‘School of Assassins’: Protests Demand Closure of Notorious Training Camp
“Despite a shocking human rights abuse record, the School of the Americas continues to operate with US taxpayer money. Closing the SOA would send a strong human rights message to Latin America and the world,” said SOA Watch founder Father Roy Bourgeois.
Ahead of the actions on Friday, SOA Watch national organizer Hendrik Voss told local media, “We have to take an honest look at the violence the United States is exporting all over the world. If we don’t do that, nothing is goi…ng to change.”
“We say we are standing in solidarity with people of Latin America,” Voss told the Columbus Ledger-Inquirer on Saturday. “When those people are forced from their home country because of SOA violence, they are being mistreated. We extend our solidarity with them.”
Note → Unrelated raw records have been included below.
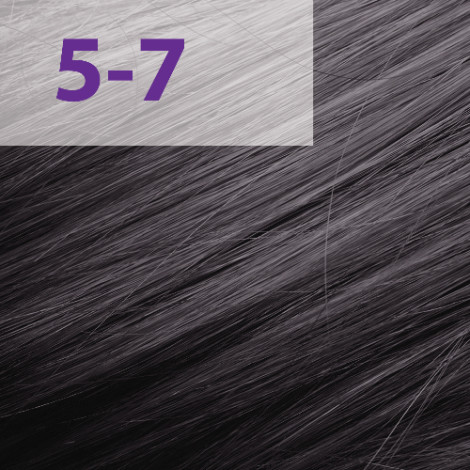 Краска для волос Acme-Professional Siena 5/7 кофейный 90 мл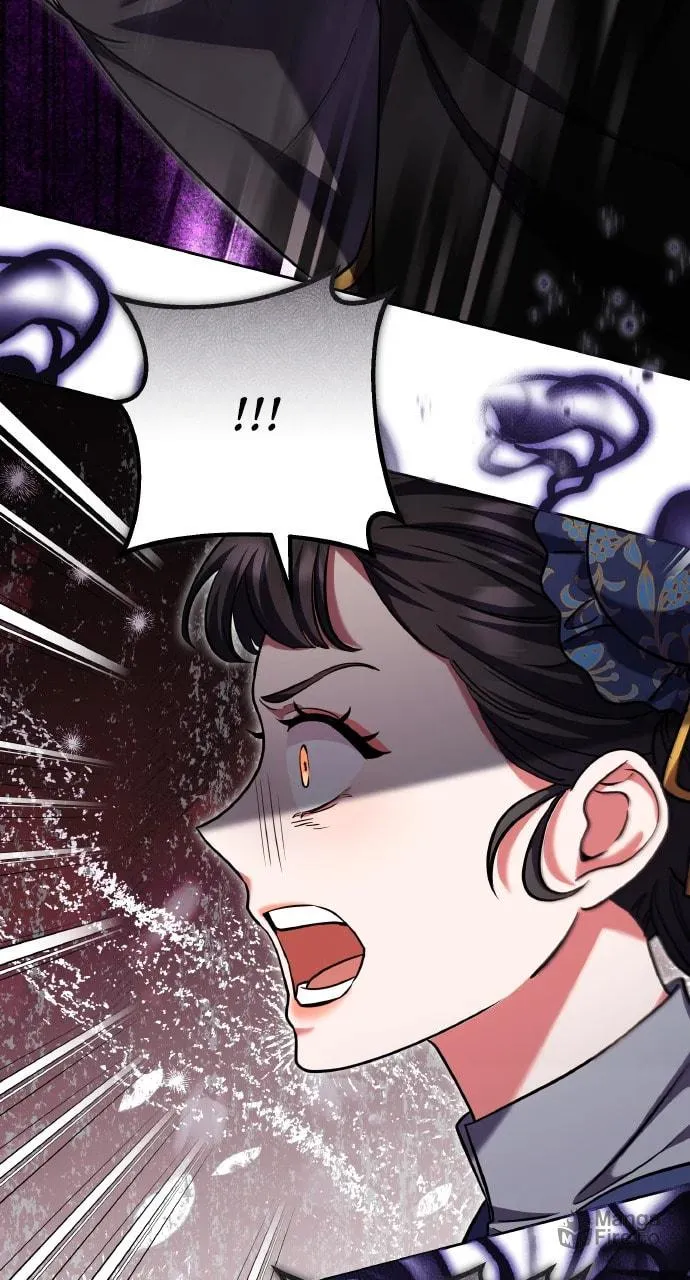 Gosu, Wakes Up as a Concubine Chapter 92 page 70 - 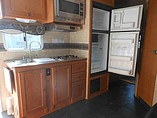 2010 Cruiser RV Fun Finder XTRA Photo #15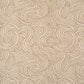 Purchase 88671 | Tideline Performance, Neutral - Schumacher Fabric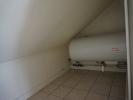 Louer Appartement Lyon-6eme-arrondissement 461 euros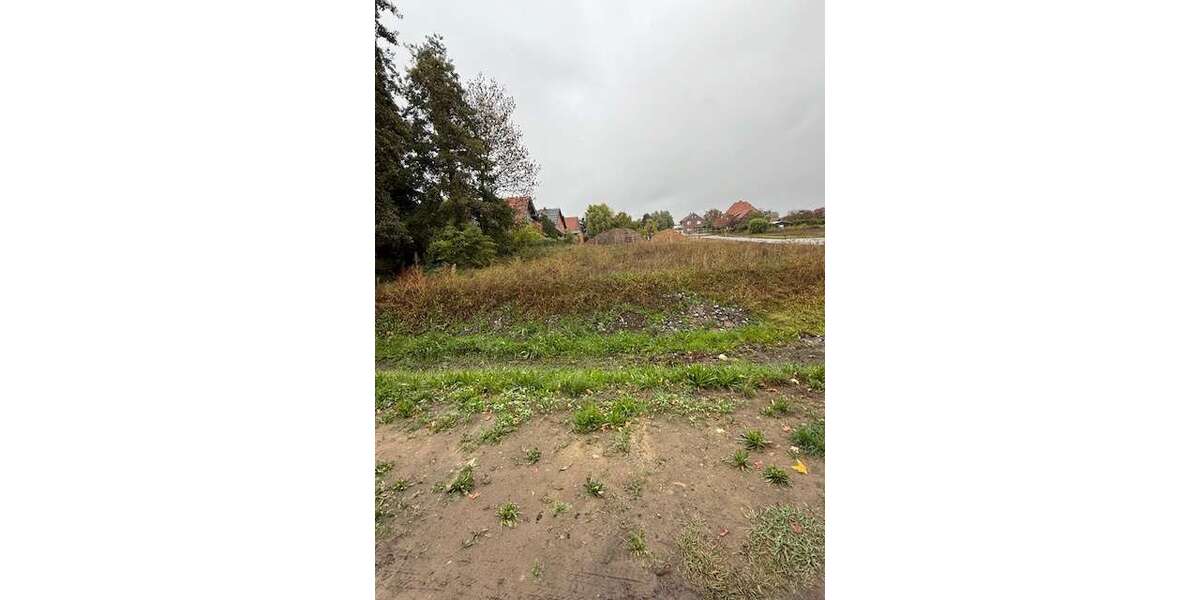 Grundstück zu verkaufen in Rheda-Wiedenbrück 560.000 € 1340 m² zimmer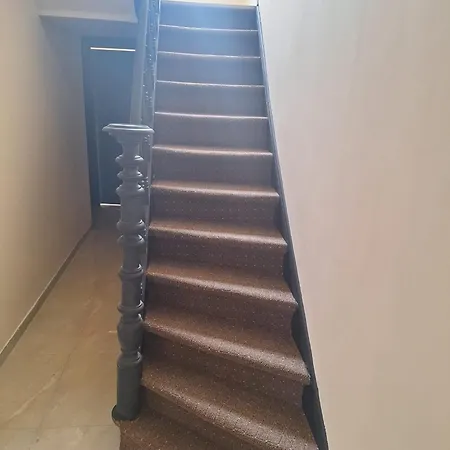 בית נופש Tc *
The weekend of action expanded its focus to include Stewart Immigrant Detention Center about nine years ago. “We have to address the root causes of migration, which to a major part lie in the deplorable economic and military policies, which the United States has imposed on Latin America,” Borgeois said.
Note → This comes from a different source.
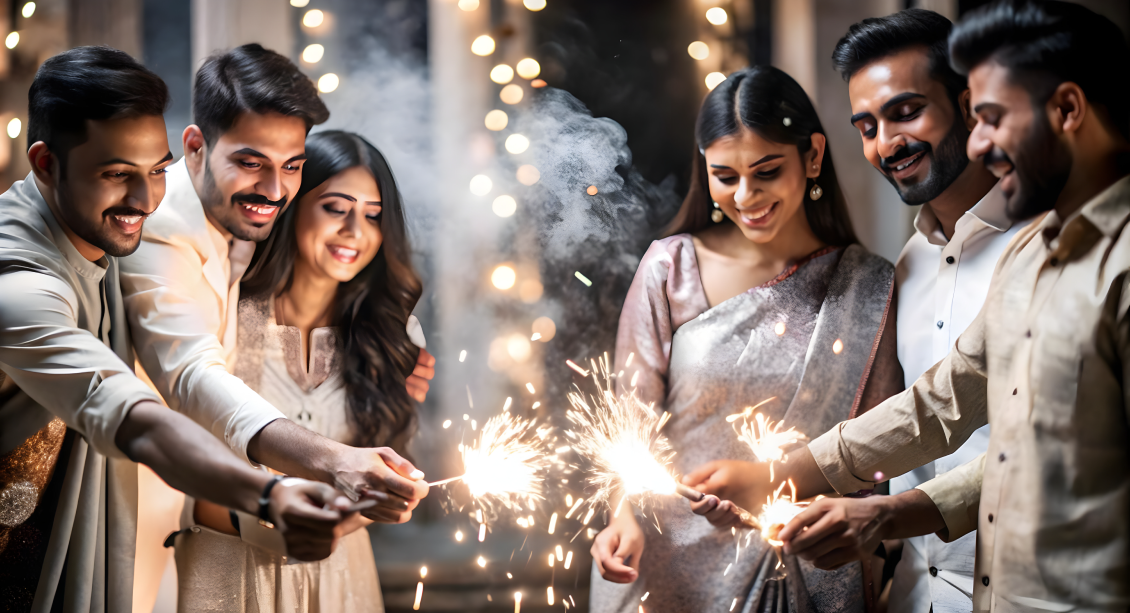 Crackers Online Andhra Pradesh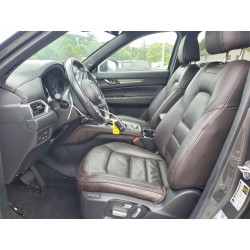 2023 MAZDA CX-5 JM3KFBXY9P0101070 60473126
For many activists, SOA has become a notorious symbol of U.S.-backed human rights abuses in Latin America. The taxpayer-funded school now known as the Western Hemisphere Institute for Security Cooperation educated several dictators from the region, as well as their military officials, and included torture, extortion, and execution in its curriculum. Yet as SOA Watch points out, despite evidence of human rights abuses connected to the school’s graduates, “no independent investigation into the facility has ever taken place.”